Despite those improvements, though, this is not a complete success story. Judge Peeples' political connections remained so strong that no one was willing to even run against him when his term expired in 1992. No one ran against him when that term expired in 1998. And despite the tough new screening process that had just been implemented, he breezed through screening and was, indeed, re-elected in 1998.
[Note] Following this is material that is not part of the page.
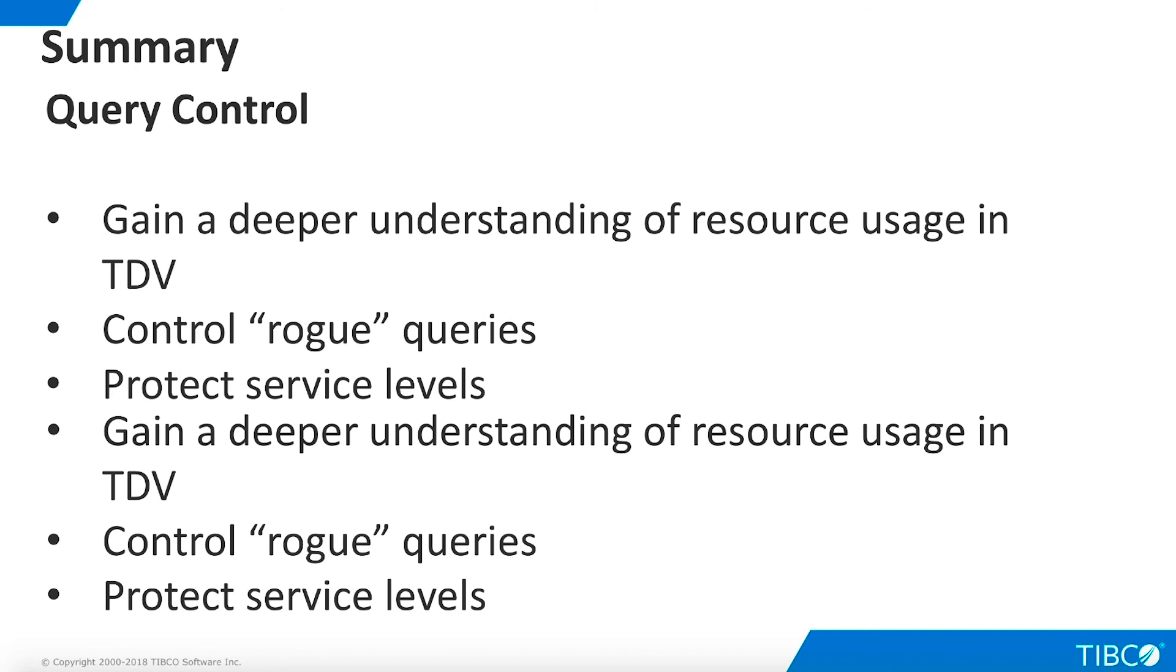Query control is important to our customers for three reasons. First, it helps system administrators gain a deeper understanding of resource usage in TDV. Second, it enables them to identify and cancel rogue queries. Finally, it is part of an overall approach to ensuring the best possible service levels for users.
The state's mandatory retirement law for judges would have allowed Judge Peeples to serve another nine years. But while I'd like to think the same thing happened to him as happened to our state's other unfit Circuit judge, who retired when it became clear that he would not be able to pass the new screening process, there is no reason to believe that is the case. The only obstacle Judge Peeples faced was the prospect of actually having an opponent this time around.

And this points to a continuing shortcoming of the screening as well as the election process: Whether a judge has any hope of being re-elected shouldn't depend simply on whether anyone runs against him; it should depend first and foremost on whether he deserves to stay on the bench. Judge Peeples' 1988 reprimand should have doomed his chance of being re-elected in 1992, and certainly in the reformed world of 1998. It should have doomed his chance of being re-elected in 2004. That there's no indication it did shows we still have work to do.